Enhance import matching behaviors: add a digital object checksum column to CSV import/export templates and use it on import for first match when importing updates
|Assignee:||Dan Gillean||% Done:|
|Category:||Import/Export||Estimated time:||12.00 hours|
|Target version:||Release 2.4.0|
|Google Code Legacy ID:||Tested version:|
Since the 2.0 release, AtoM uses the digital object's SHA256 checksum to generate the digital object URLs (e.g. http://example.com/uploads/r/my-repository/0/9/9/0956e36f27cdb64cbfee7a92a262a140e9794d66e7ad846a3dc6df0c9d52017e/my-image.jpg).
While this makes for some long URLs, it also gives us a very convenient way to tell if a digital object has been updated - if the checksum has changed, it's a new digital object.
This feature will make a few changes - first a new digital object checksum column will be included on CSV imports and exports. This includes adding this column to the sample templates found in lib/task/import/example.

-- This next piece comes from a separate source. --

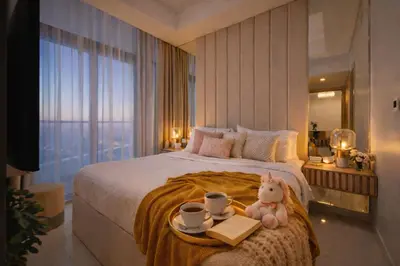 a bed with a tray with two cups and a teddy bear at Keyrock Stylish Apartment in Dubai with Pool and Gym in Dubai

Second, we will use this checksum during the import process to avoid downloading and generating new derivatives for a digital object that hasn't changed since the last import (when updating existing descriptions during import).
When no checksum value is included during import, or the checksum does not match the existing one, the digital object will be assumed to be new - and therefore part of the update. In this case, the original digital object will be removed, and the new path to the associated digital object will be used to recreate and attach a new digital object (including generating new derivatives, etc).